Allow me to share a personal story. When I was young man, my father told me about my grandfather, who was a barrister and then a High Court Judge in the UK over a century ago. According to my father, my grandfather’s greatest regret in life was donning the black cap and sentencing people to death. Nearing the end of his life, he said if there was one thing he could undo, it would have been this. And he told my father he not only disagreed with the principle of the state killing people. He was also genuinely concerned that in the process, innocent people had been and would be executed. History has proven him right, time and again.

Sadly, my grandfather didn’t live to see the day the death penalty was abolished in the UK in 1969. If he had, he would have been overjoyed and pleased to know that abolition had no impact on crime rates in the UK one way or the other. In fact, there is no evidence that the death penalty reduces crime anywhere, not even in Singapore.

Abolition in the UK was soon followed by abolition of the death penalty in nearly all European countries – and now increasingly around the world.

Singapore remains among a very small group of countries, like Iran, Saudi Arabia, North Korea, China, and parts of the US,  which continue to apply the death penalty at scale, and an even smaller group that imposes the death penalty for drug offences – against the expressed position of the UN. As I’ve said many times before, it’s a disproportionate and ineffective response to the world’s drug problems.

As you may know, I am part of the Global Commission on Drug Policy, a group of global leaders advocating for lasting reform, including many respected former heads of state and government. We have studied the failed war on drugs for the last 15 years, and with one voice, we urge governments to treat drug use as a health issue, and to stop the needless and ineffective criminalisation of people. The members of the Commission travel the world to engage governments and other stakeholders in constructive dialogue, and I think you should welcome this form of dialogue.

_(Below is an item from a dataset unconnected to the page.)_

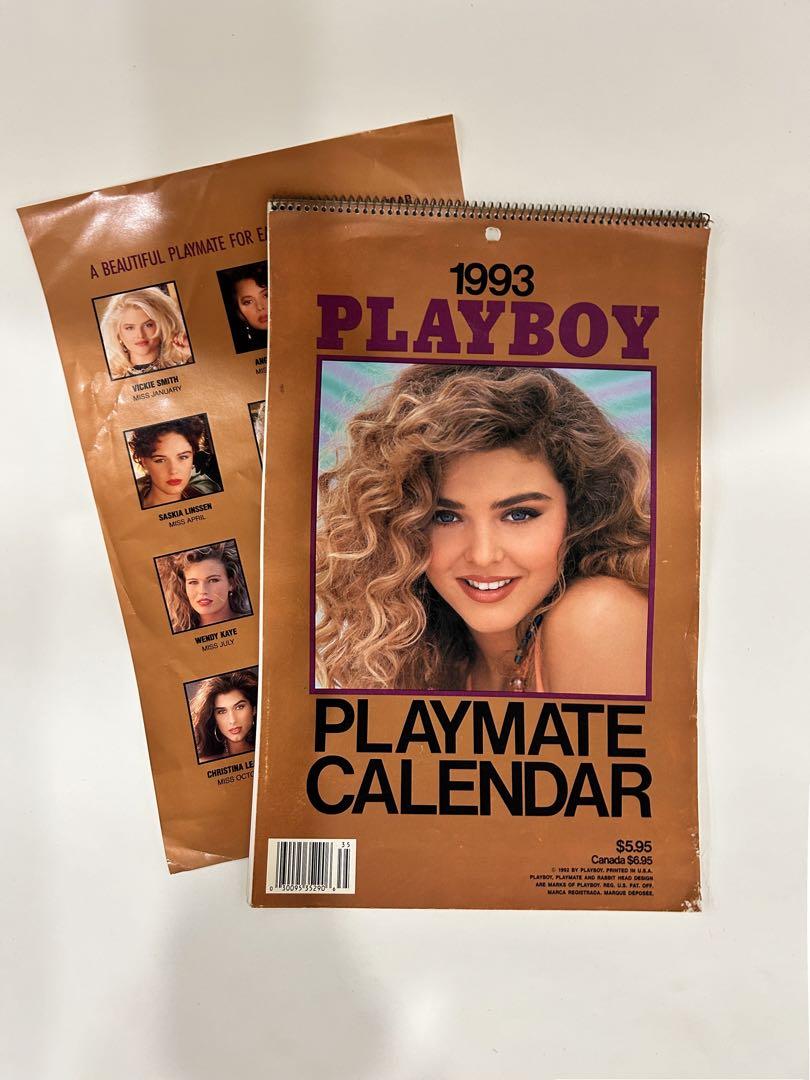 playmate PLAYBOY playmate calendars プレイメイト カレンダー - メルカリ
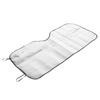 Universal Large Silver Car Windscreen Windshield Sun Shade Heat Reflective Windshield Visor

Which brings me to your invitation to come to Singapore for a live television debate with you on the death penalty. I have decided to decline this invitation. Here is why: a television debate - limited in time and scope, always at risk of prioritising personalities over issues - cannot do the complexity of the death penalty any service. It reduces nuanced discourse to soundbites, turns serious debate into spectacle. I can’t imagine that is what you are looking for. What Singapore really needs is a constructive, lasting dialogue involving multiple stakeholders, and a true commitment to transparency and evidence.

The other reason is that this conversation needs local voices. I am a global advocate for abolition of the death penalty, and I will continue to raise the issue wherever I can, as I have for many years. But in this advocacy, we stand on the shoulders of giants. In Singapore’s case, we have been inspired by several people and organisations - advocates, lawyers, journalists - with experience, knowledge and data. The brave thing for you would be to actively engage those Singaporean stakeholders, from Transformative Justice Collective to Mr M Ravi, Nagaenthran Dharmalingam’s courageous lawyer, and regional voices, such as the Anti-Death Penalty Asia Network, and treat them as equals who are just as interested in Singapore’s progress as I’m sure you are. They deserve to be listened to, not ignored, or worse yet, harassed.

And abolition is not, as some argue, a Western concept imposed on the rest of the world. This is about universal human rights and humanity’s shared aspiration to advance equality, justice, dignity, and freedom everywhere, for everyone.

If Singapore abolishes the death penalty, I’d be absolutely delighted and will celebrate with you. I hope you, like my grandfather, will eventually realise that it’s an inhumane, brutal practice that does not save lives - and casts a dark shadow on Singapore’s reputation in the world. There is no evidence to support its continued existence. Just ask those in Singapore who know.